Intervention de Joseph Maïla

Réunion du 27 janvier 2015 à 17h00
Commission des affaires étrangères

Joseph Maïla, professeur de sociologie politique et de relations internationales :

C'est une autre question, monsieur le député.

Je ne crois pas que l'on puisse apporter une réponse de principe à la question que vous posez sur l'altérité, monsieur Guibal. En tout cas, je ne pense pas qu'il y ait de divergence d'interprétations entre sunnites et chiites à ce sujet. Dans le Coran, on trouve des versets très différents qui peuvent expliquer toutes les situations. Ainsi, la sourate 2:256 proclame : « Nulle contrainte en religion ! ». En revanche, la sourate 9:5 et s semble inciter au combat contre les infidèles. Quant à la sourate 2:62, il laisse entendre que les chrétiens, les sabéens et les juifs – c'est-à-dire les adeptes des religions monothéistes – iront au paradis, car Dieu accepte, voire souhaite l'altérité.

Le problème de notre temps, c'est que l'islam est divers et qu'il peut avoir des interprétations différentes en ce qui concerne les autres religions. De ce point de vue, il convient de parler non pas de l'islam en général, mais d'un islam contextualisé. L'islam d'Al-Azhar n'est pas celui de l'État islamique. Pour ce qui est de l'islam chiite, l'Iran est un pays très divers sur le plan ethnique et religieux : il compte une communauté sunnite et une communauté chrétienne prospère, essentiellement arménienne. Auparavant, il y avait aussi une importante communauté juive. L'Iran est très tolérant à l'égard de toutes ces minorités religieuses, sauf à l'égard des Bahaïs.

Il importe donc de savoir quel islam est en train de se développer. À cet égard, l'islam tunisien représente un formidable espoir : l'article 6 de la constitution tunisienne du 26 janvier 2014 garantit la liberté de conscience, c'est-à-dire la possibilité d'avoir une religion, celle de ne pas en avoir et celle d'en changer. C'est une première dans un État musulman.
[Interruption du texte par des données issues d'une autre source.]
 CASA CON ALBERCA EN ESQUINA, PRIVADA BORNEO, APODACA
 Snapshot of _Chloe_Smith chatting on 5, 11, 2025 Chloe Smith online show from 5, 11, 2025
Reste que ce même article fait de l'État le gardien de la religion, au singulier, visant ainsi clairement l'islam. J'ignore comment il convient d'interpréter cette disposition. Peut-être cela signifie-t-il que l'État doit respecter l'exercice du culte, auquel cas il s'agirait du principe de laïcité dans sa version tunisienne ?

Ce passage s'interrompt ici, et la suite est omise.